## Task to complete:
From the listing below, reproduce exactly the lines starting with the one with "Snapshot of charlotte_petit_" and going on through the one with "8 Sunrise Court photo 33", both ends kept. No picture is copied.

## Recorded information:
__________

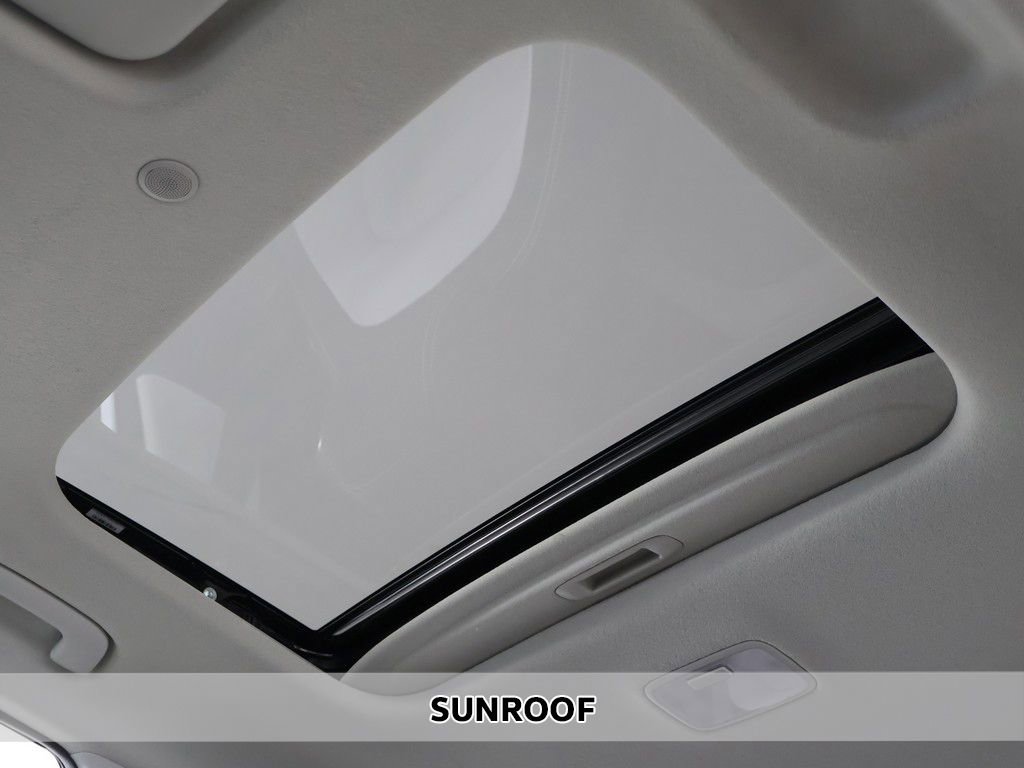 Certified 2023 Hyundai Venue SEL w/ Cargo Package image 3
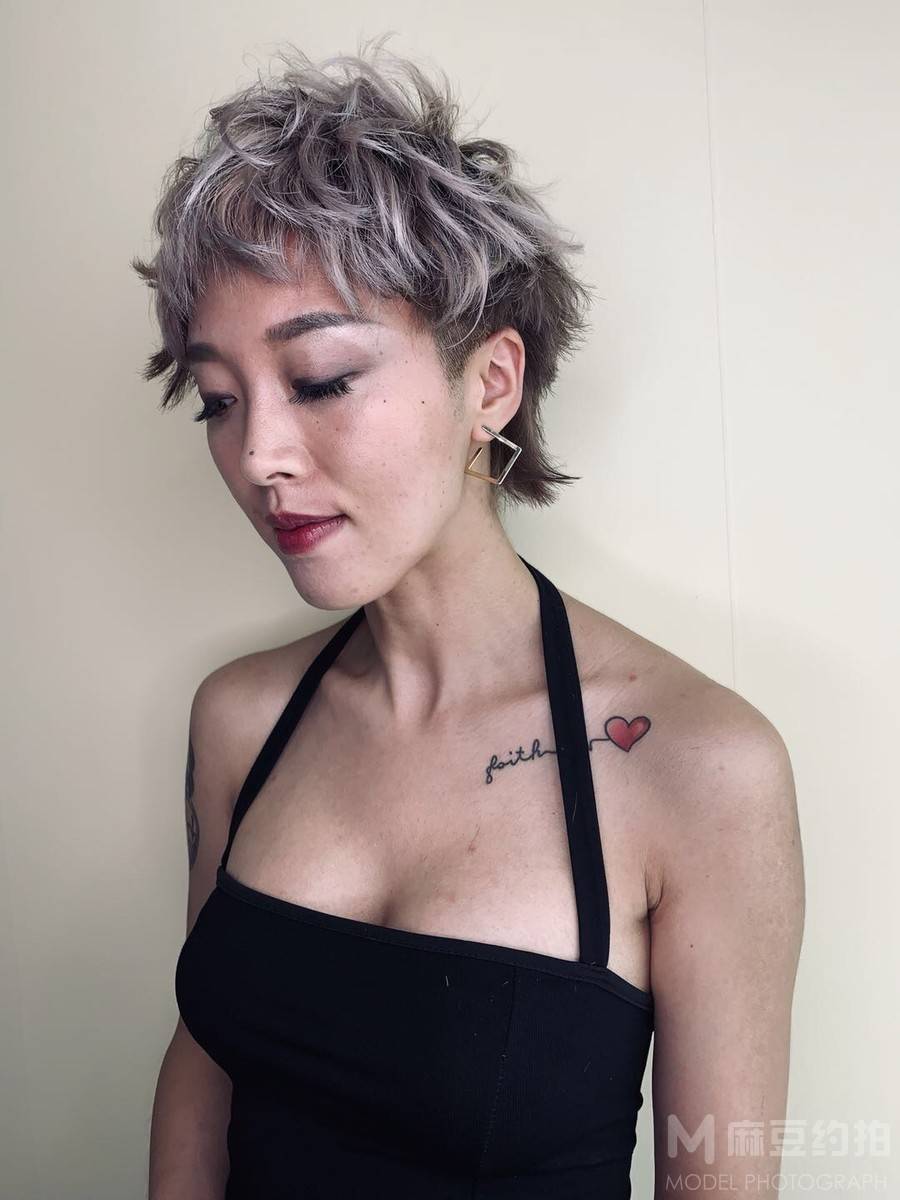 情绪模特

__________

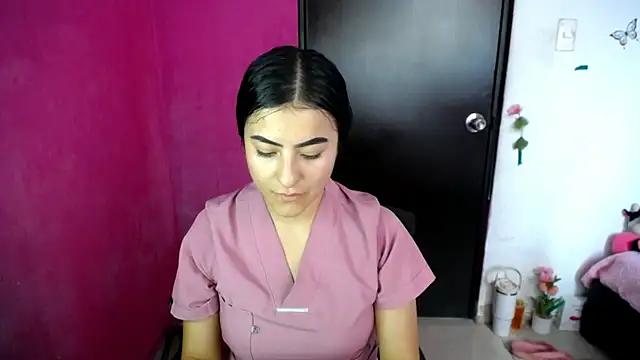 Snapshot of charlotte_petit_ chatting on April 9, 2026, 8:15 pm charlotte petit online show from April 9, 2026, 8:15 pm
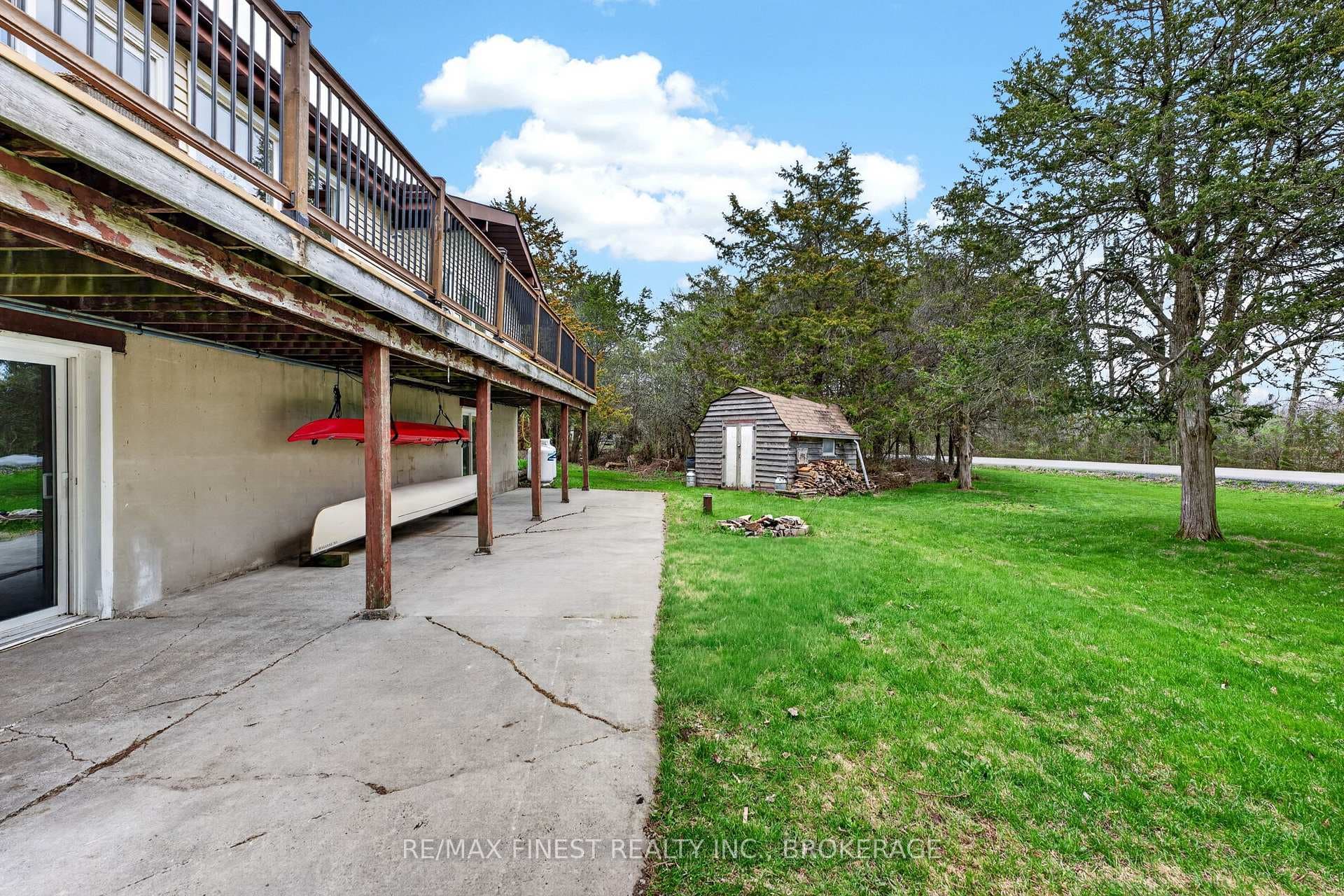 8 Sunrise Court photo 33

__________

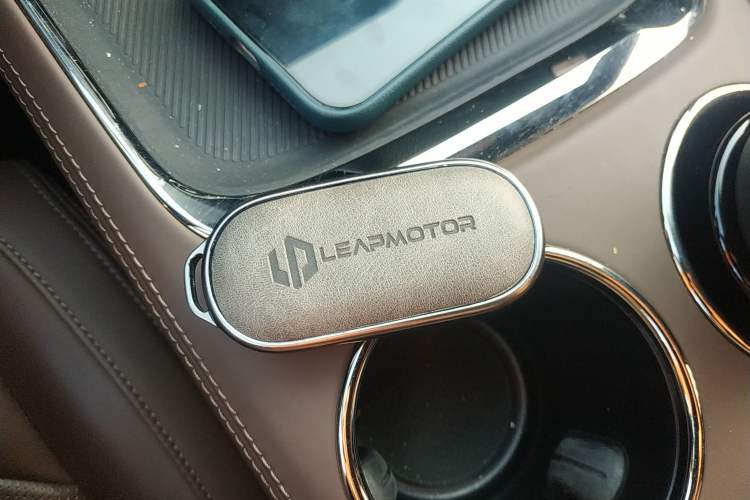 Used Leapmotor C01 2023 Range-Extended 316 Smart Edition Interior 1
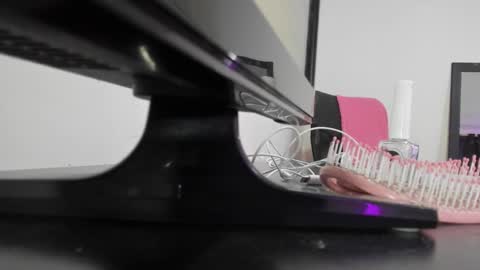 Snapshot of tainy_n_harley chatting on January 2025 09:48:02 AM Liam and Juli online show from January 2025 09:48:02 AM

__________

## Expected answer:
 Snapshot of charlotte_petit_ chatting on April 9, 2026, 8:15 pm charlotte petit online show from April 9, 2026, 8:15 pm
 8 Sunrise Court photo 33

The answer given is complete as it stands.